» WHAT IS BEING ASKED
Begin at the line below that holds "7月11日、防護(hù)" and end at the line that holds "bedroom featuring hardwood", transcribing each line exactly and skipping any picture.

Scraped caption text data
[Start of section]

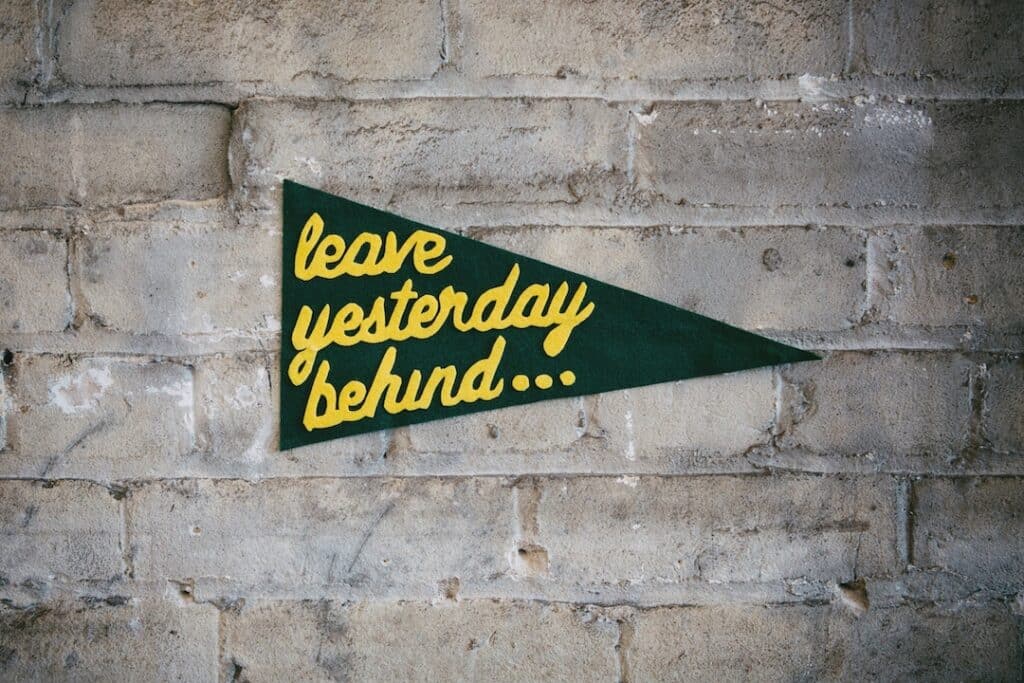 A pennant on the wall with the words "leave yesterday behind...".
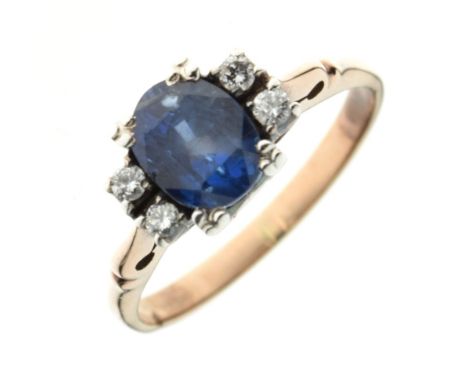 Sapphire and diamond ring, unmarked, the oval cut sapphire with pairs of brilliant cuts to either side, size L½, 2.8g gross C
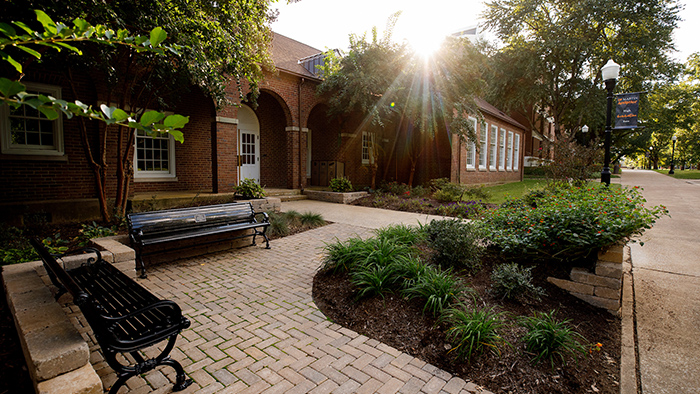 Exterior brick walkway of a red brick building, surrounded by plants and shrubbery.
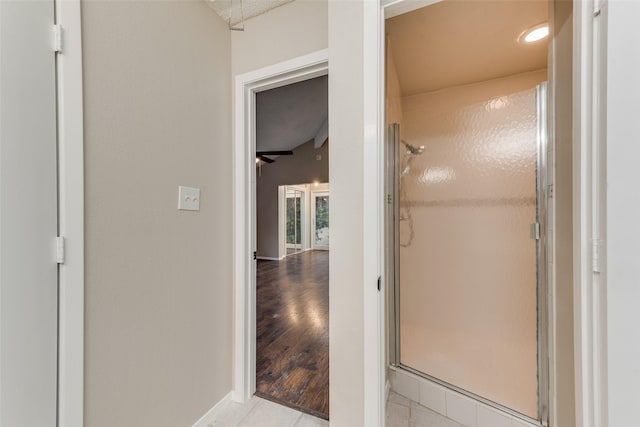 bathroom with hardwood / wood-style floors and an enclosed shower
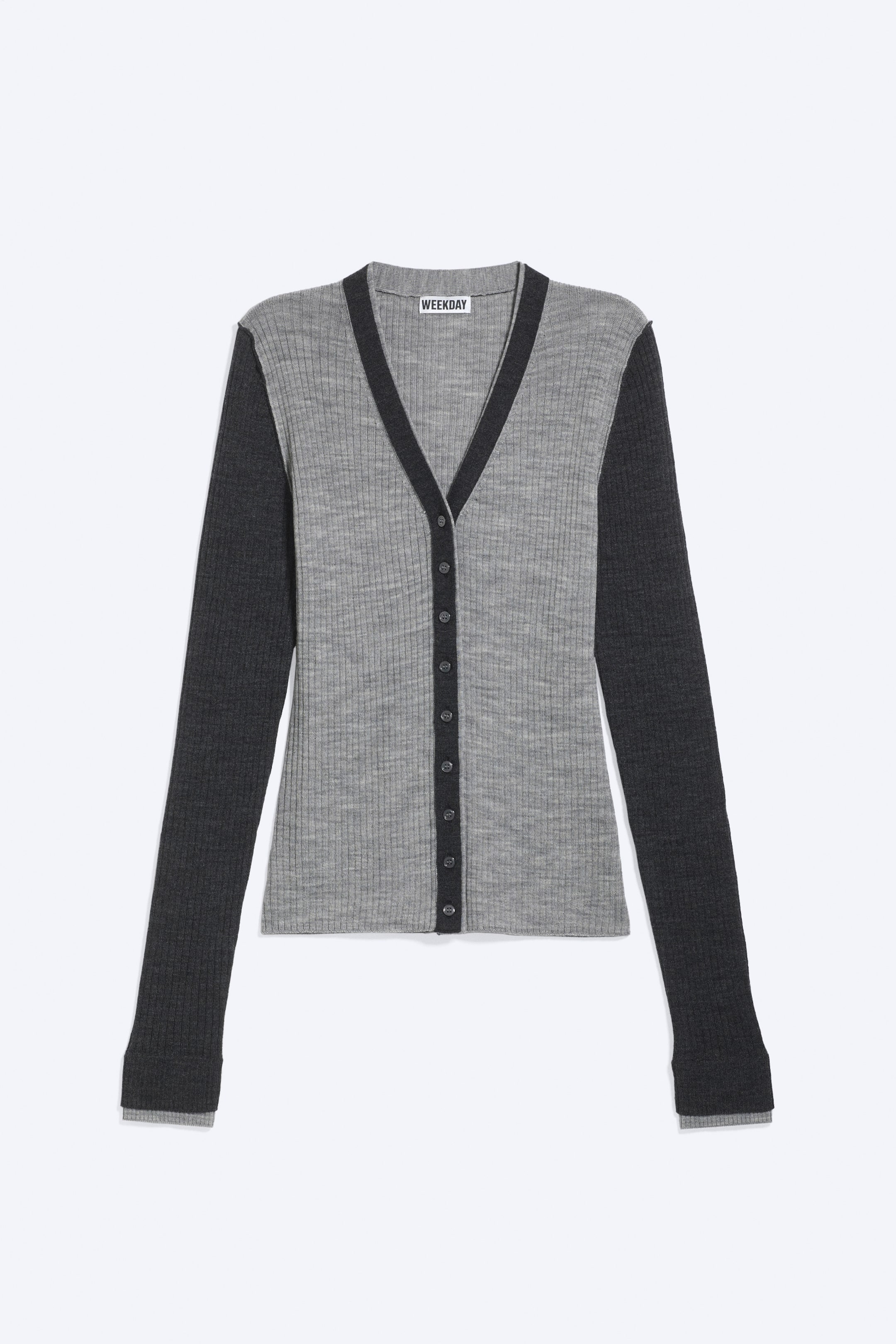View larger image: A two-tone cardigan featuring a light grey ribbed body and dark grey long sleeves. It is designed with a dark grey V-neck trim and a matching dark grey button placket, fastening with dark grey buttons.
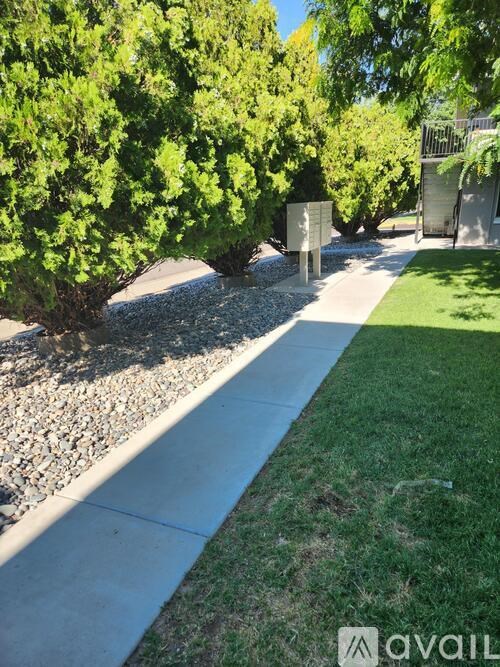 A sign is mounted on a post in a grassy area.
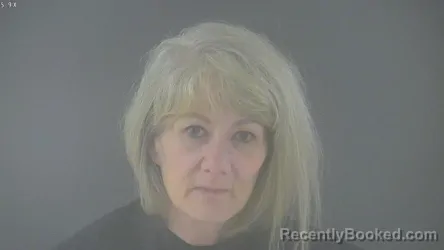 Mugshot of CRYSTAL GAYLE REYNOLDS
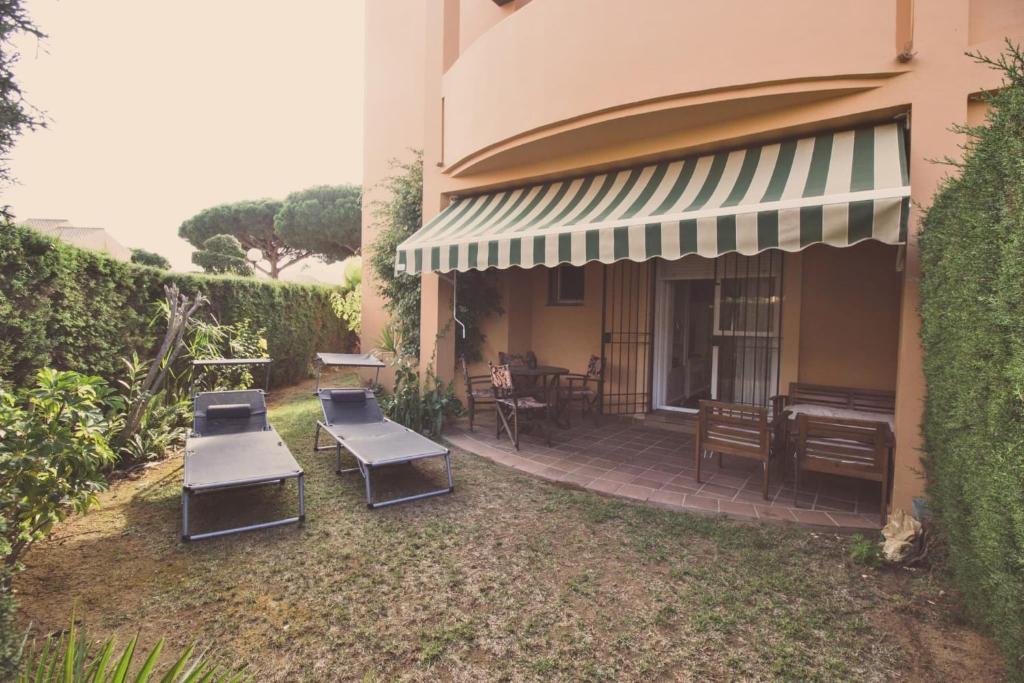 奇克拉纳－德拉弗龙特拉Apartamento Jardín del golf 2的一个带桌椅和钢琴的庭院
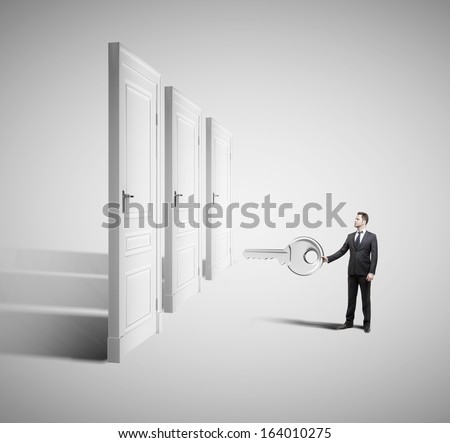 businessman holding big key with closed doors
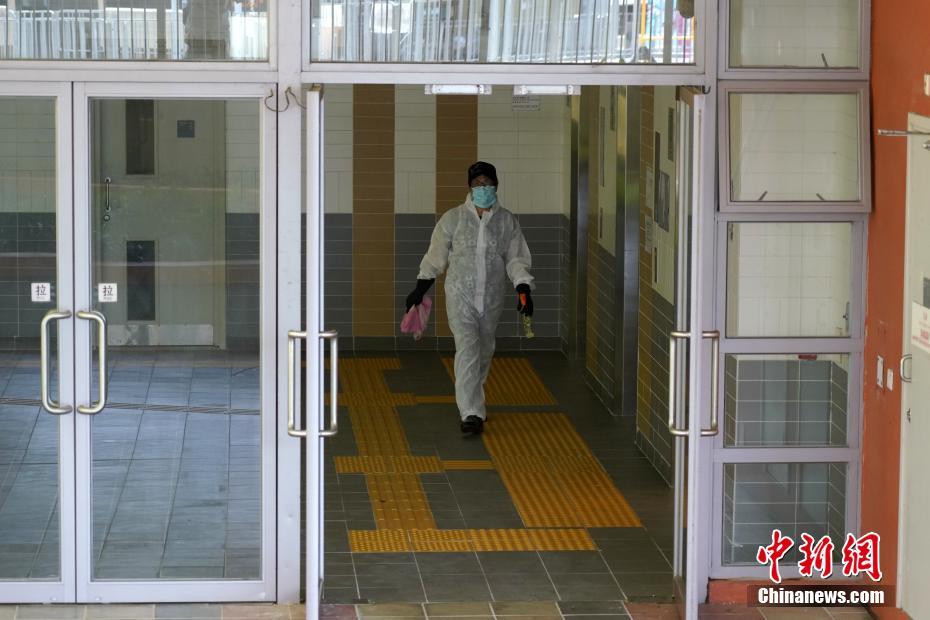 7月11日、防護(hù)服を著用して香港地區(qū)沙田にある水泉澳邨明泉樓の內(nèi)部を消毒する作業(yè)員（撮影?張煒）。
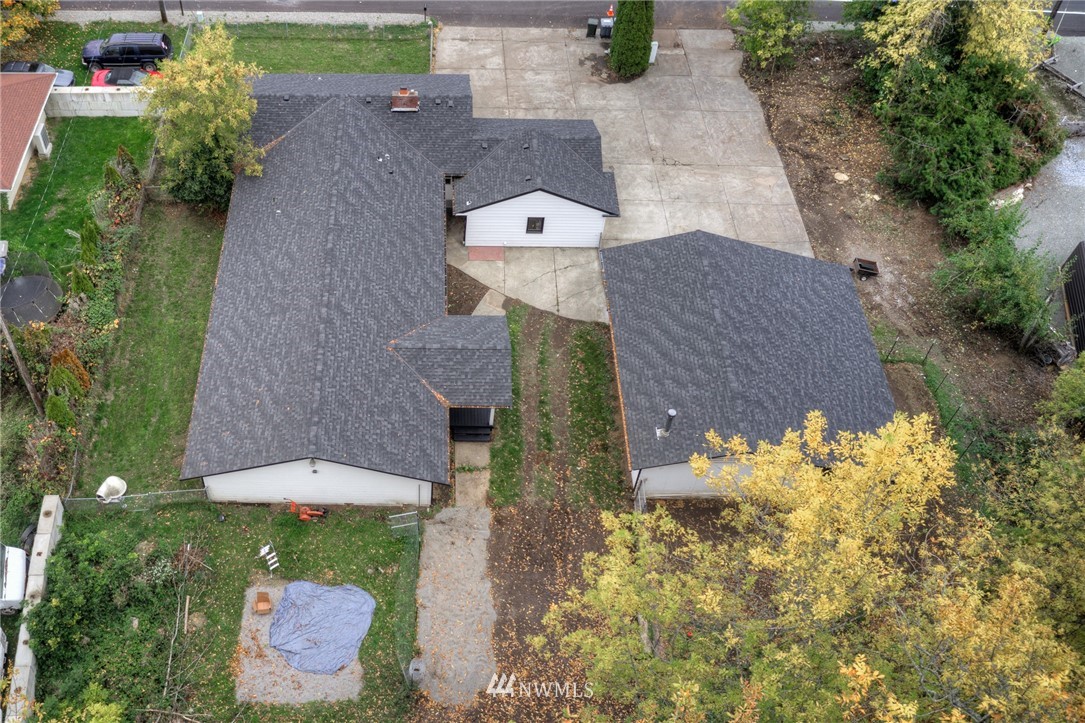 10222 Golden Given Road East Tacoma, WA 98445 - Photo 21 of 23 an aerial view of a house with a yard and garden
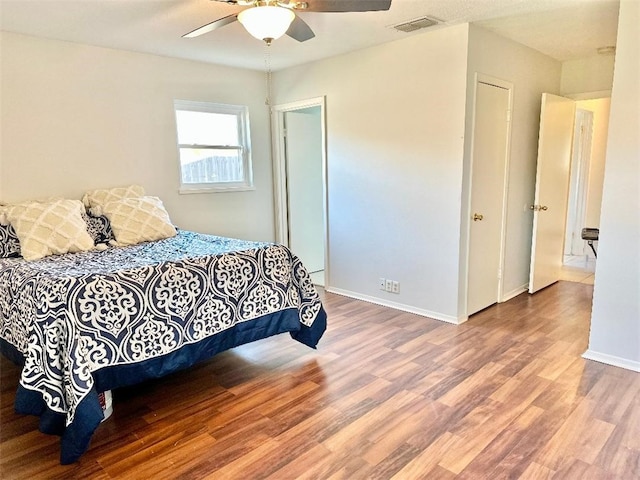 bedroom featuring hardwood / wood-style flooring and ceiling fan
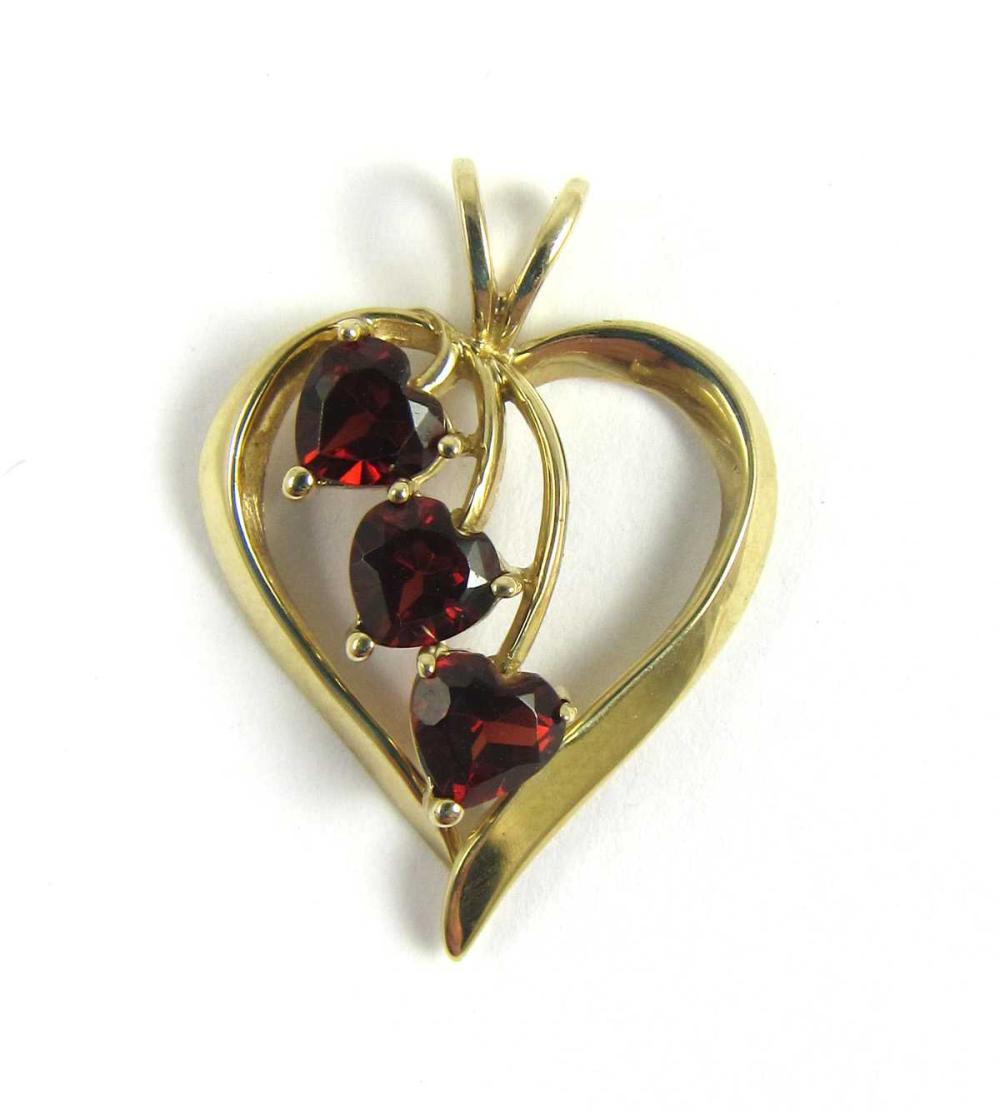 Appraisal: GARNET AND YELLOW GOLD OPEN HEART PENDANT The k yellow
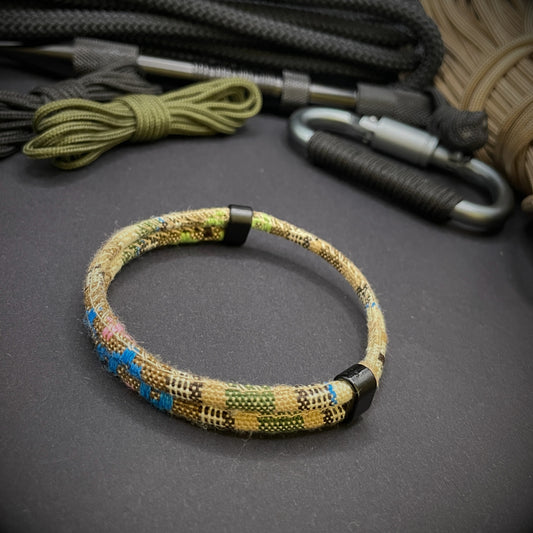 Khaki Boho rope bracelet with black sliding clasps, displayed on a dark grey surface with EDC gear in the background.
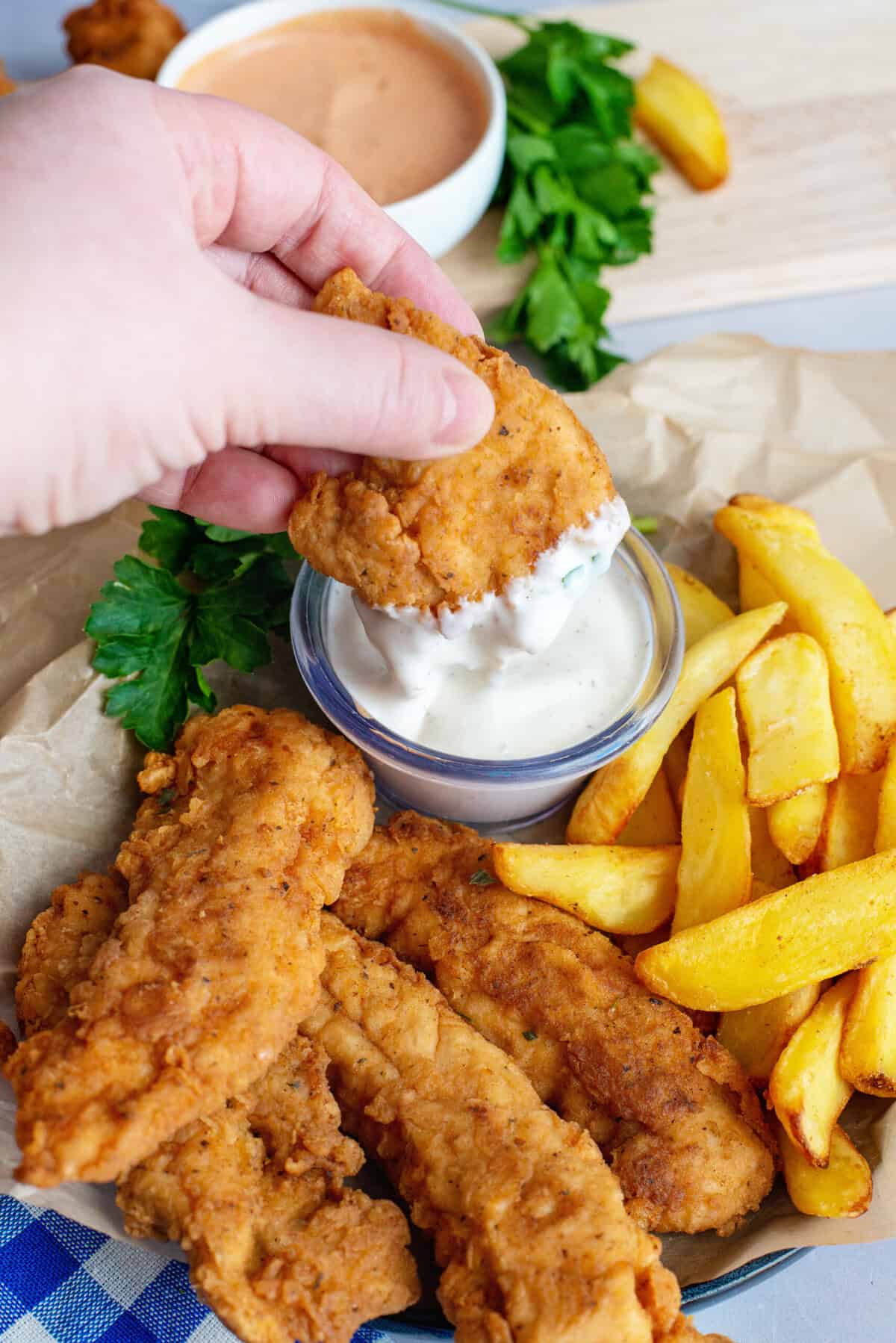 Ranch Fried Chicken Tenders dipped in sauce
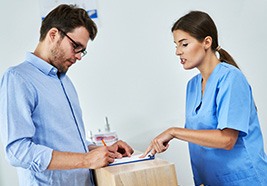 A man with glasses paying the cost of SureSmile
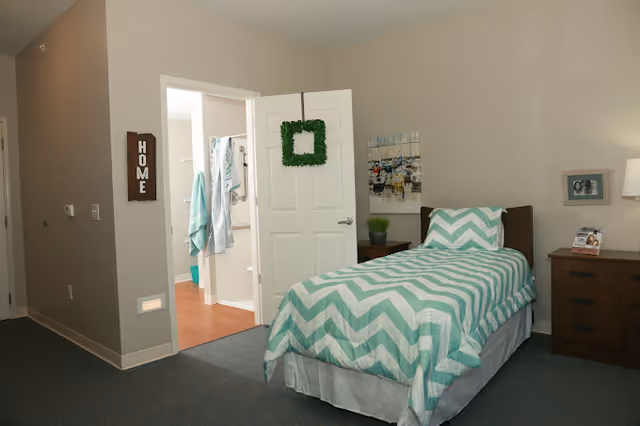 A bedroom with a single bed covered in a green and white chevron patterned bedspread. The bed is positioned against a beige wall with a nightstand beside it holding a lamp, a framed photo, and a small plant. The door to the room is open, revealing a bathroom with towels hanging and a shower curtain visible. A decorative green wreath hangs on the door, and a wooden sign with the word 'HOME' is mounted on the wall near the bathroom entrance.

[End of section]

» ANSWER SPACE
 7月11日、防護(hù)服を著用して香港地區(qū)沙田にある水泉澳邨明泉樓の內(nèi)部を消毒する作業(yè)員（撮影?張煒）。
 10222 Golden Given Road East Tacoma, WA 98445 - Photo 21 of 23 an aerial view of a house with a yard and garden
 bedroom featuring hardwood / wood-style flooring and ceiling fan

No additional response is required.